Условно говоря, «обструганная» энергия «направляется в полезное русло», и на таком, вполне высоком, уровне работает лет пятнадцать.

Отцы и дети

Не было в истории страны более процветающей, чем Америка в шестидесятых годах XX века. Изобилие: каждой семье дом, пара автомобилей, груды еды и склады одежды, высокие заработки и низкие цены, возможность так или иначе любому получить любое образование и заниматься любым делом, и так далее. Короче, вот он, наступил Золотой Век.

И молодежь, вступая в жизнь, имела перед собой неограниченные возможности.

И что же она – была счастлива и прочувственно благодарила старшее поколение за создание дивной базы для прекрасной жизни? Большая фига!

В шестьдесят восьмом году грянуло во всю силу движение хиппи. Грязные неряшливые юнцы обоих полов не желали учиться, не желали работать, потребляли наркоту, демонстративно совокуплялись на улицах и скверах и заявляли: «Мы в гробу видали ваше общество процветания, ваши лозунги порядочности и добросовестной работы, вашу благополучную семью и ваши вонючие деньги! Подите от нас прочь, мы вас презираем; мы не знаем, может быть, чего мы хотим, но мы не хотим жить так, как вы!» При этом исправно сосали деньги из государства и родителей.

Государство и родители несколько растерялись. «Какая же у вас все-таки позитивная, так сказать, программа?..» – виновато спрашивали они.

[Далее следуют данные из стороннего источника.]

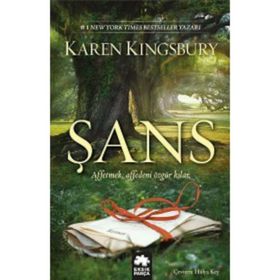 ŞANS - KAREN KINGSBURY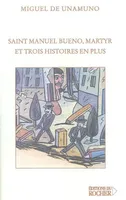Saint Manuel Bueno, martyr et trois histoires en plus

– Люди должны быть друг другу братьями, жить надо в любви, производить и потреблять излишние ценности ни к чему, гонка за должностями и престижем бессмысленна, вы делаете людей несчастными, а мы по взаимной склонности совокупляемся с кем хотим, потребляем марихуану и ЛСД для удовольствия, постигаем сущность мира через дзэн-буддизм, братски и бескорыстно помогаем таким же, как мы сами, никому не приносим вреда, никого ничему не заставляем, это и есть правильная и настоящая жизнь, – отвечали великовозрастные дети.

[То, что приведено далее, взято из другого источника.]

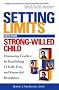 Setting Limits with Your Strong-Willed Child : Eliminating Conflict by Establishing Clear, Firm, and Respectful Boundaries Setting Limits with Your Strong-Willed Child : Eliminating Conflict by Establishing Clear, Firm, and Respectful Boundaries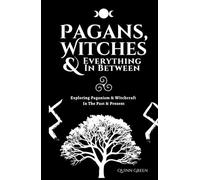 Pagans, Witches & Everything In Between: Exploring Paganism & Witchcraft in the Past & Present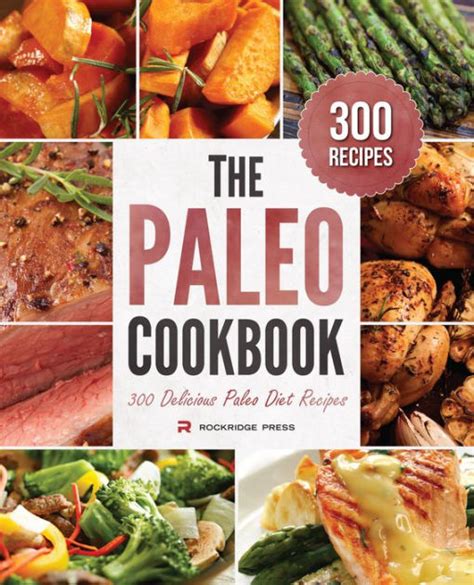 Paleo Cookbook 300 Delicious Paleo Diet Recipes Reader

Они рожали коммунальных детей в грязных трущобах и хором их «воспитывали» по своему разумению. Они пытались коммунами переселиться на сельское лоно и затевали дикие фермы, где могли засеять поле манной крупой, полагая, что из нее вырастет готовая манка на стеблях – такова была наивность.

Психоаналитики пытались найти корни их бунта в сексуальной подавленности в детстве, нормальные люди вздыхали: «И чего им не хватает», а самые простые ругались: «Зажрались! горя не мыкали, не знают, почем хлеб достается».

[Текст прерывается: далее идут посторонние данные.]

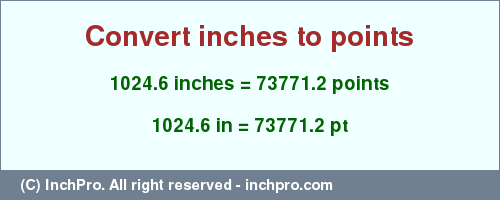 Result converting 1024.6 inches to pt = 73771.2 points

Американский культ успеха в зарабатывании денег сыграл с Америкой скверную шутку. Брызжущая энергией молодежь не смогла найти достойное, полное применение своим силам. Быть еще одним богачом, директором завода или сенатором, – мало чести и интереса для того, кого удовлетворили бы настоящие трудности, подвиги и открытия. Мир освоен и заселен, все налажено и окультурено, поставлено на поток и приспособлено к зарабатыванию денег: чего интересного-то? Скука и отвращение завладели поколением…

Им надо было что-то делать! Изменять, создавать, задвигать свое собственное! А делать было по большому счету и нечего.

А где ты ничего не можешь утверждать – ты должен отрицать. Где ты ничего не можешь создать – ты должен разрушить. Но ты должен явить себя, свое «я», свою волю и значимость. Вот ребята и выступили. По миру шлялись, кварталы и районы столичных городов оккупировали, испражнялись на газоны и тротуары, затевали драки с полицией и закидывали бутылками с бензином полицейские фургоны и водометы.

Результат? Со временем часть стала обычными гражданами, часть вымерла от наркомании и вообще сгинула, а самая малая часть попыталась сохранить свой образ жизни в тихих уголках мира, живя за счет разнообразных подаяний и мелких приработков. Плодов это искаженное дерево не дало.